Já nos Estados Unidos há mais de um ano, o brasileiro contou que a chegada ao país teve lá suas dificuldades. Ir para outro país sem os pais e sem conhecer absolutamente ninguém, não foi fácil. No entanto, a daptação veio com o tempo. Tanto que, hoje prefere passar o tempo nos EUA em relação ao Brasil. Além disso, a presença do brasileiro Nicolas Giaffone no grid da USF Juniors ajuda a descontrair um pouco e se sentir mais em casa.

“O começo foi bem complicado, principalmente em 2021. Realmente é bem longe, diferente de quando eu morava em São Paulo e meus pais aqui no Maranhão. Já são 10h, 12h de voo desde casa, todo mundo falando outra língua. Eu demorei um pouco a me acostumar e fazer amizades. Hoje em dia eu já estou bem adaptado, passo boa parte da temporada lá, e vim aqui só passar meu aniversário essa semana [a entrevista foi feita no fim de maio], mas acho que já estou bem adaptado, estou começando a gostar mais de lá do que daqui, para falar a verdade”, brincou.

“Não nos vemos muito fora da pista, mas a gente se dá bem”, falou sobre Giaffone. “É legal falar um pouco de português às vezes e fazer umas piadas no meio da semana, dá uma descontraída boa. É legal ter alguém por perto assim”, reconheceu Fecury.

Passadas três rodadas triplas na temporada 2023 da USF Juniors, piloto de São Luís está na sexta colocação, com 129 pontos, conseguindo subir no pódio em uma oportunidade, na etapa em Barber. O objetivo, até o fim do campeonato, é seguir consistente para somar o máximo de pontos possíveis, e, eventualmente, manter-se vivo na disputa pelo título.

Lucas Fecury celebra pódio em Barber na USF Juniors 2023
O único pódio, até agora, foi alcançado na etapa em Barber (Foto: Gavin Baker)

“O importante é sempre estar andando ali na frente e pontuando. Eu estou bastante focado em terminar todas as corridas e estar sempre entre os cinco primeiros, pontuando bastante. Porque o que importa mais é o final, mas para estar na briga tem que ser consistente agora. Então deixa o pessoal se matar um pouco e ver se a gente consegue chegar no finalzinho, em Austin, ainda vivo na briga”, disse.

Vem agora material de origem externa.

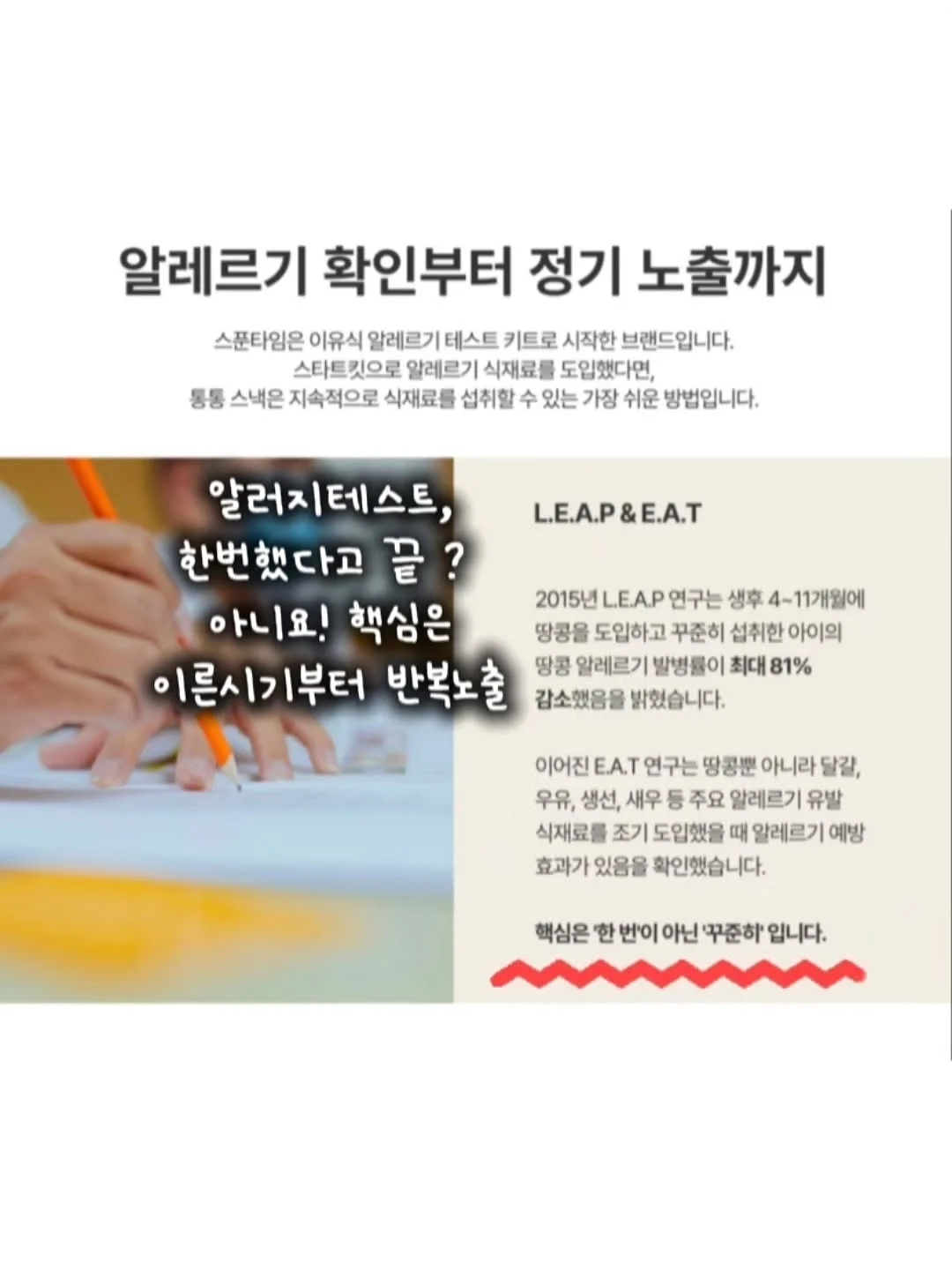봉밀가 한우 캔 육수 2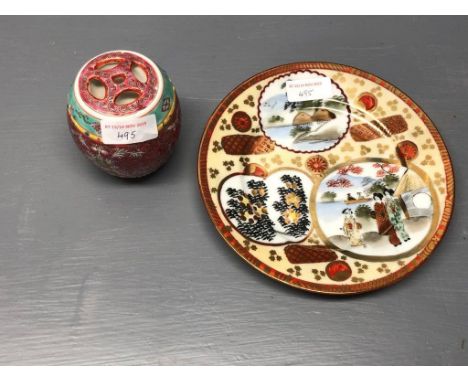 Collection of Chinese items, black lacquer tin lined, tea caddy, post war plate, brass boat double ink well, small pickle jar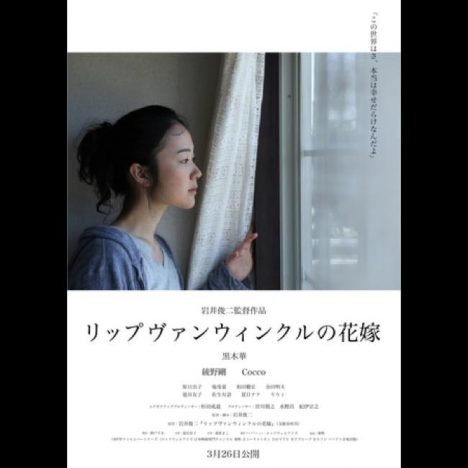 岩井俊二監督、最新作『リップヴァンウィンクルの花嫁』全国公開決定　黒木華、綾野剛ら出演へ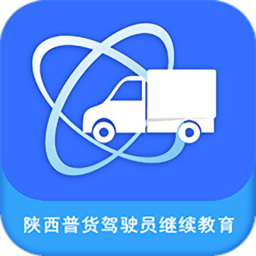 陕西普货继续教育软件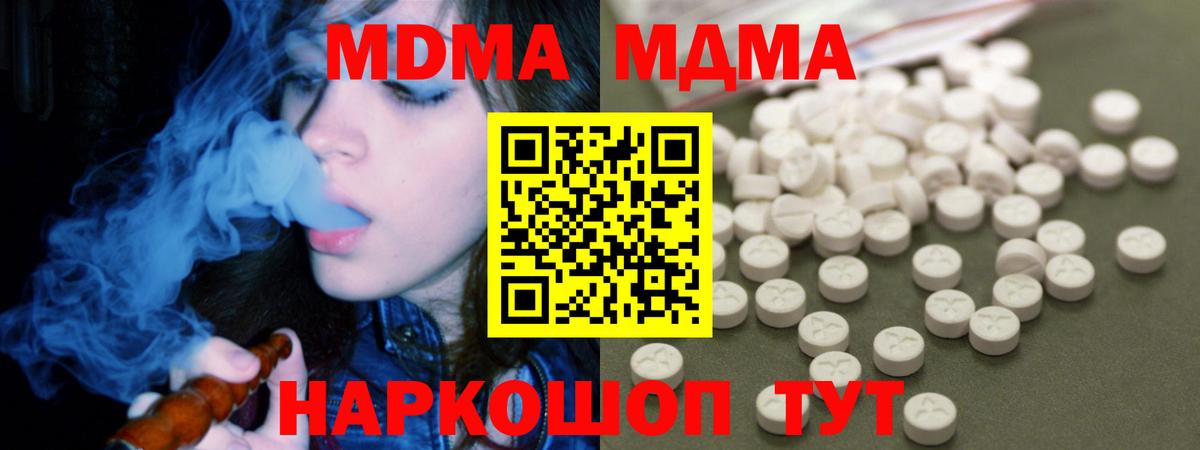 МДМА Molly Белгород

Por fim, faltando ainda quase meio ano para chegar em 2024, Lucas Fecury foi contido na hora de fazer projeções para a temporada vindoura e afirmou que ainda não sabe se vai permanecer na USF Juniors ou dar um passo adiante para a USF 2000.

“O plano é seguir no Road to Indy, não tenho nenhuma dúvida. Em qual categoria, vai depender muito de como vai ser esse ano, como vamos fechar e o que vamos conseguir de orçamento para o ano que vem. Espero que dê certo. Hoje o dólar no preço que está não é uma das coisas mais fáceis, mas estou aproveitando ao máximo esse ano, porque isso é uma coisa que está fora do meu controle, para falar a verdade. Então estou dando o máximo que tenho esse ano e só esperando que dê tudo certo para o ano que vem”, finalizou Fecury.

O que já dá para dizer é que a visita do pai à concessionária deu ótimos frutos.